Christ rejects this temptation to spiritual inflation by saying, 'You shall not
tempt the Lord thy God.' Christ returns then from the desert to preach to the
people the new message of the spirit, the message of love.
"Question:
Does this apply to us? Are we 'heroes' on a spiritual journey?
"In the European Middle Ages the theme of an individual on an individual quest
clearly emerges. This is the theme of the Grail legends. Why should anyone go
questing for the Grail in Gothic Europe when the Holy Sacrifice of the Mass was
being celebrated in every church? The reason was that the Holy Sacrifice of the
Mass was a general sacrament that did not depend on the recipient's or the
priest's personal character for its effect. It was a miraculous, magically
working conduit of the grace of the Crucifixion of Christ which pours into
those who received it. All one had to do was abide by the laws of the Church
and examine one's conscience and resolve not to sin again. It was not in
itself, however, a test of character.
"This mythological Grail was not inside any Church and only the person who had
a certain character could find it.
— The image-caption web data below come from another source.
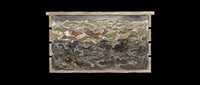 Ornate wooden frame with textured metallic relief panel featuring abstract layered design, isolated on transparent background. Ready for wall art, home decor prints, interior design projects, and digital compositing.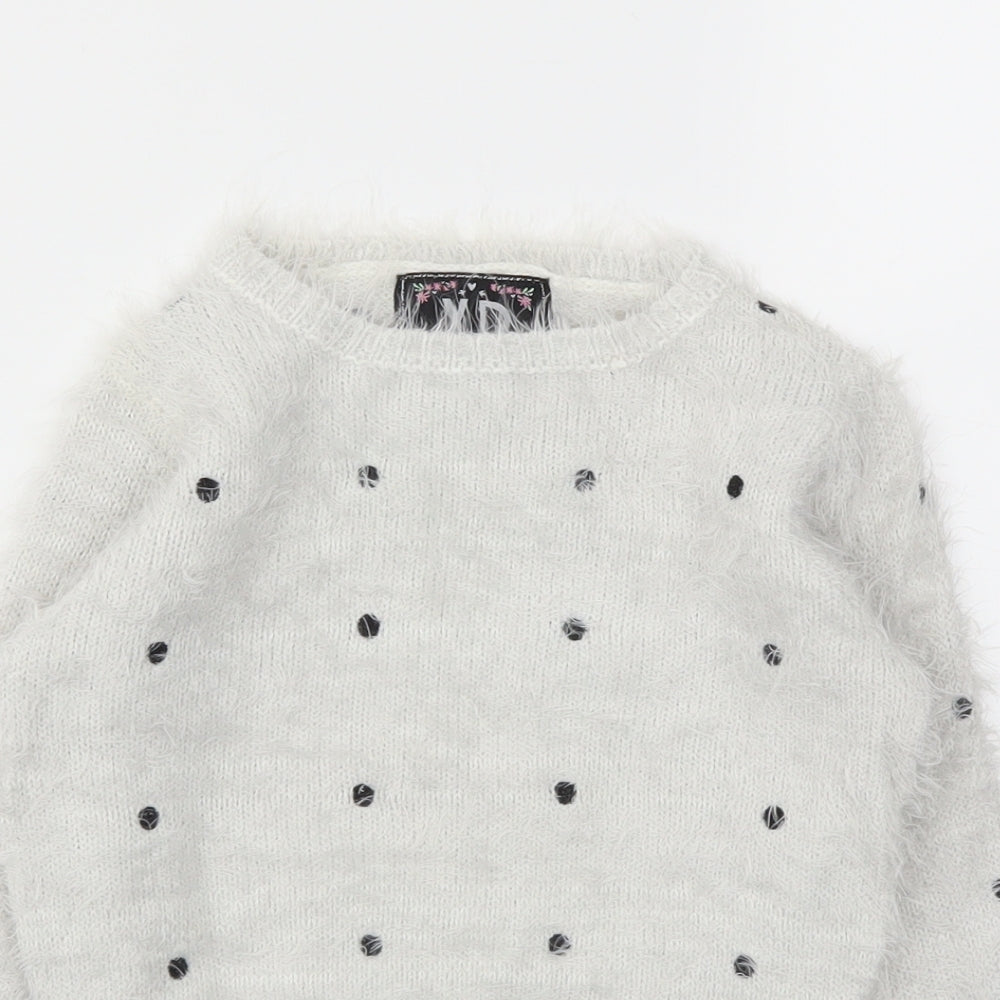 YD Girls Grey Spotted  Pullover Hoodie Size 8-9 Years
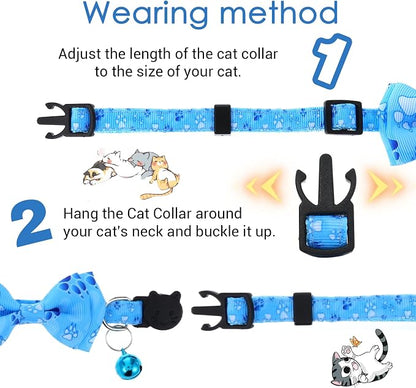 2 Pack Kitten Collar with Bell Breakaway Cat Collars with Removable Bow Tie - Image 4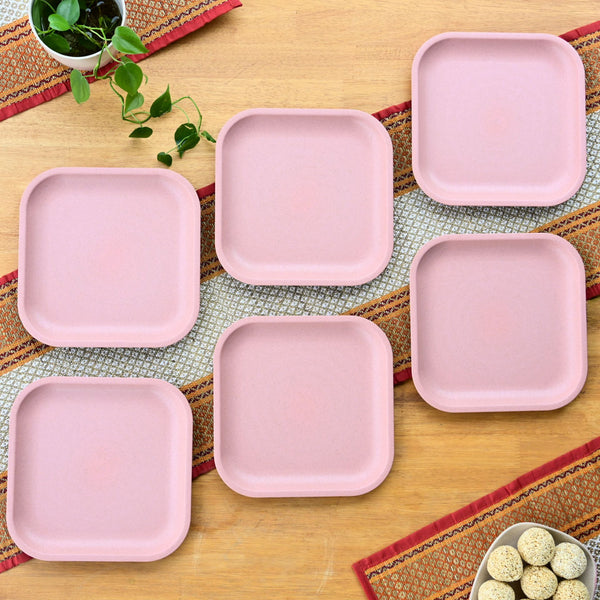 Snack Plates 8 inch set of 6 | Earth friendly Unbreakable Plates Made with Bamboo Fibers & Rice Husk Fiber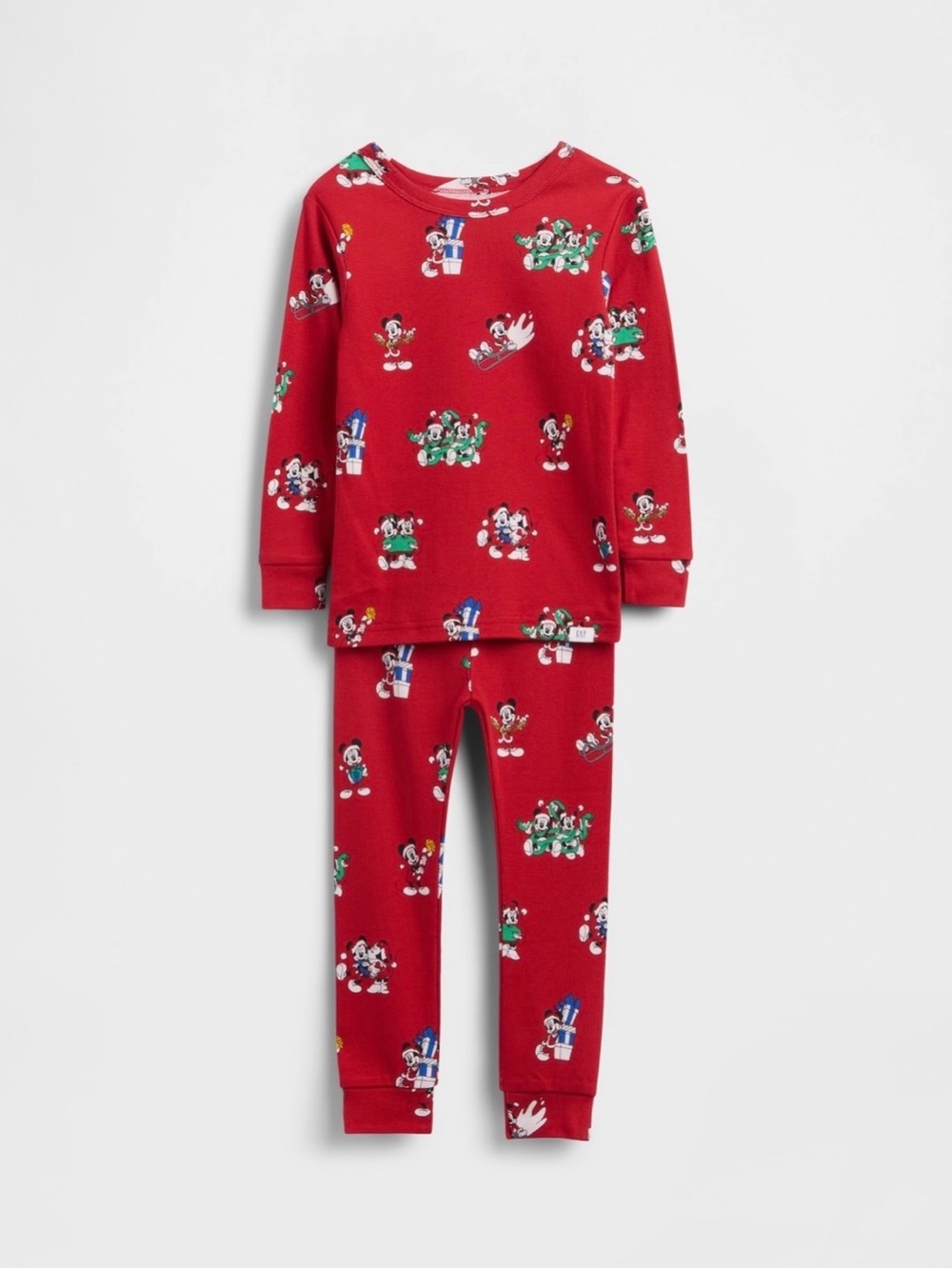 Gap Disney Minnie and Mickey Mouse Toddler Holiday Pajama Set 3T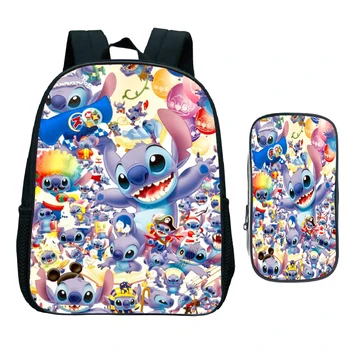 

New Child 12 Inch Cute Stitch Kindergarten Backpack 2pcs Set Bookbag Kids School Bag Children Start School Gift(Rucksack+Pen Bag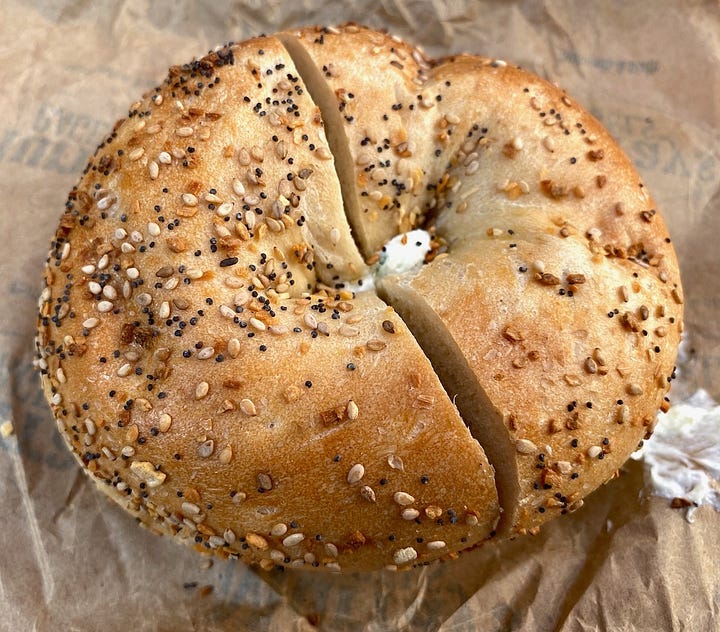 Plain bagel and everything bagel 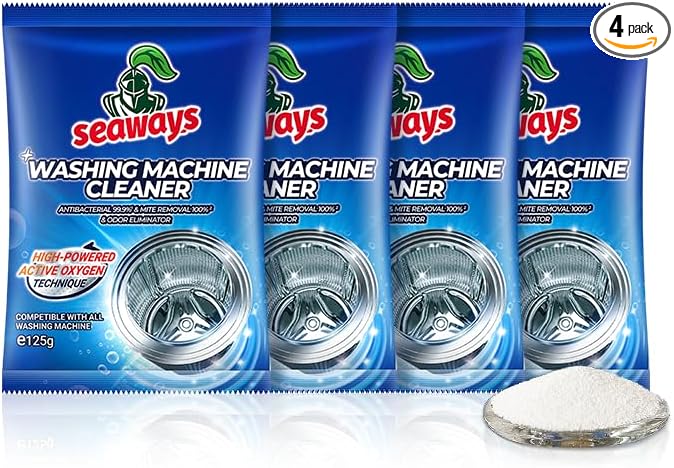 Seaways Washing Machine Cleaner Powder 4 Pack - Deep Clean Solution for HE Top Load and Front Load Washers, Descaler for Drum, Tub & All Internal Parts - 4 Month Supply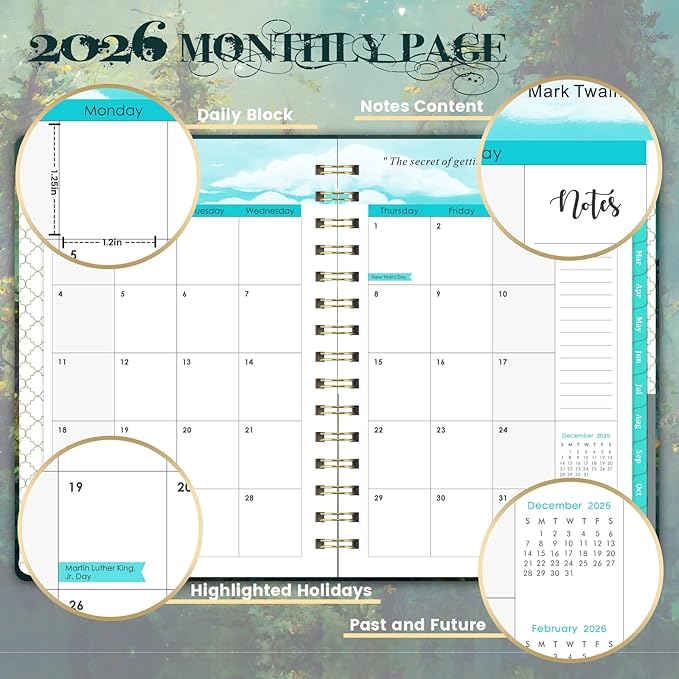 2026 Planner - 2026 Planner Weekly and Monthly with Tabs, Jan 2026 - Dec 2026, 6.4" x 8.5", 2026 Calendar Planner, Twin-wire Binding, Premium Paper, Hardcover, Back Pocket for Women & Men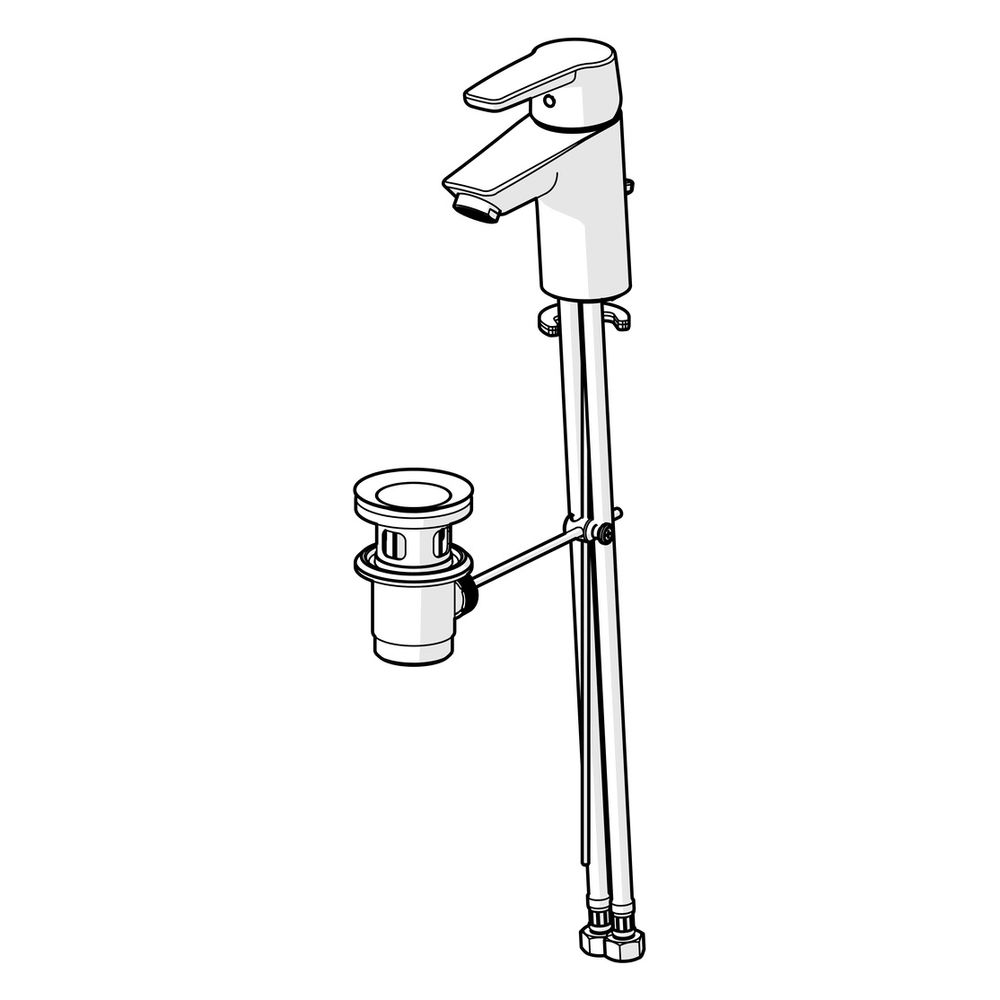 Hansa Polo Einhebel-Waschtischbatterie, Zugstangen-Ablaufgarnitur, Ausladung 103mm, DN ... HANSA-51402293 4057304002779 (Abb. 5)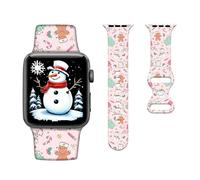 Christmas Sport Bands Compatible with Apple Watch 38mm/40mm/41mm,Adjustable Silicone Leopard Design Replacement Straps for iWatch SE/Series 7/6/5/4/3/2/1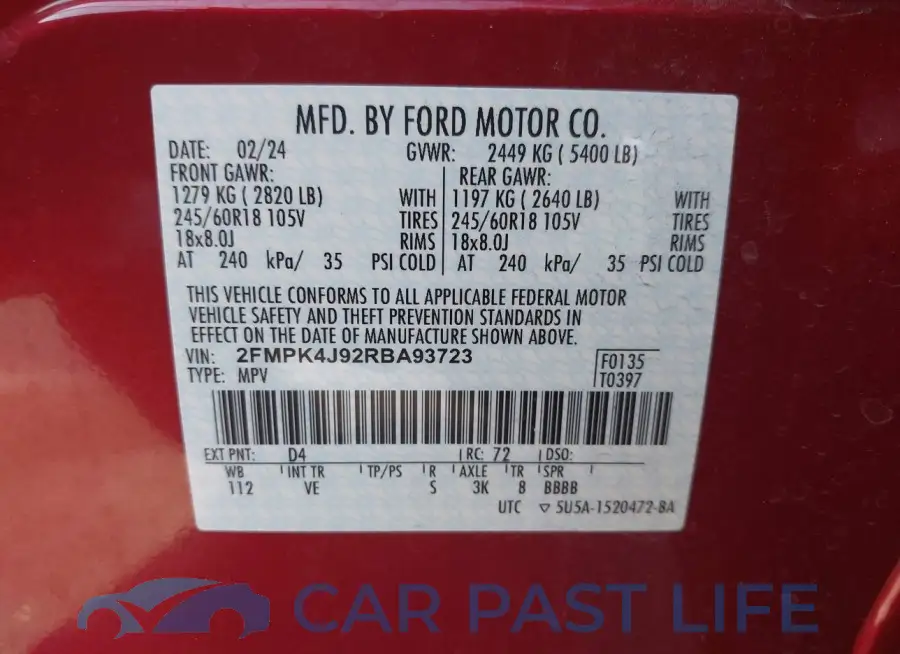 2FMPK4J92RBA93723# 9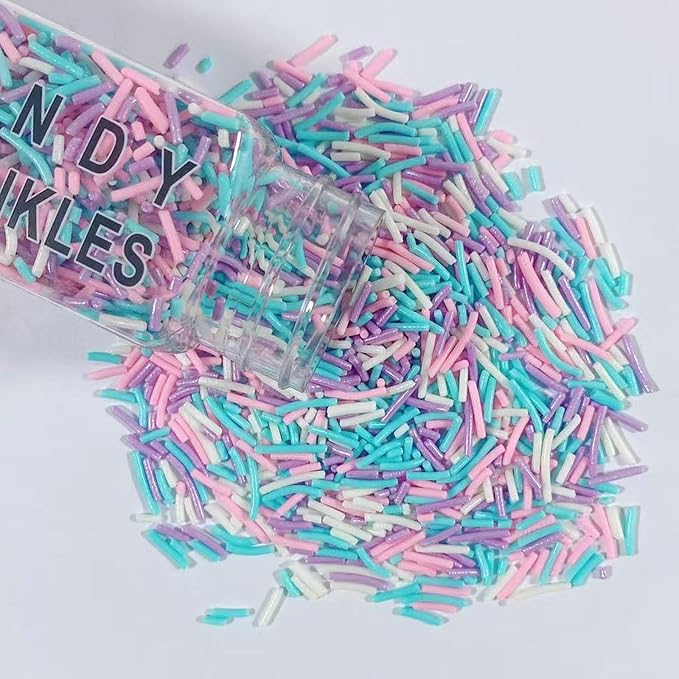 Sentovac Mermaid Jimmies Sprinkles Edible for Cake Decorating Pink Purple Blue White Sprinkles Sugar Candy Cookie Cupcake Topper Ice Cream Baking Decorations Supplies 3.35oz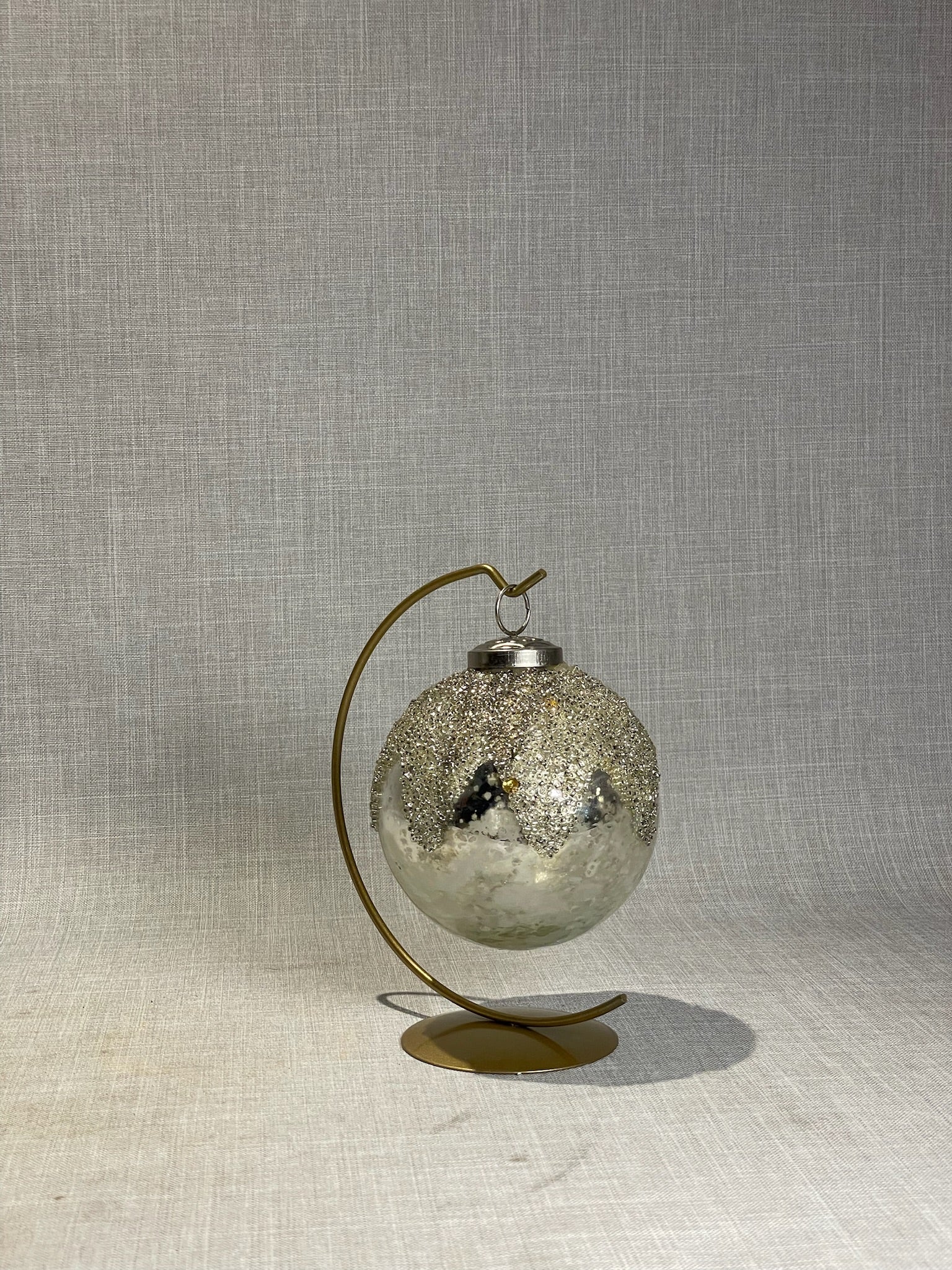 Vintage Silver Mercury-Glass Christmas Ornament with Glittered Crown Design & Display Stand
The Grail was carried by absolutely virtuous
maidens and it represented an integrity of character and life rather than a
sacramental system.
"Sir
Gawain, Arthur's nephew, proposes a vow, since they thought it a disgrace to go
forth in a group, each should enter the forest at that point where he found it
darkest, and where no other path existed. This is the absolute opposite to the
Oriental guru system, in which you accept the direction of a guru who knows
what is best for you. But it is you and your potential character, which has
never been seen and which can be brought into being by no one else, that is the
life quest in the Western sense. Each individual pursues it in his or her own
way. The problem in our society and in our schools is to inculcate, without
overdoing it, the notion of education, as in the Latin educere - to
lead, to bring out what is in someone rather than merely to indoctrinate
him/her from the outside. Spiritually, then, we must all seek the Grail by
entering that part of the forest where nobody else has cut a path for us."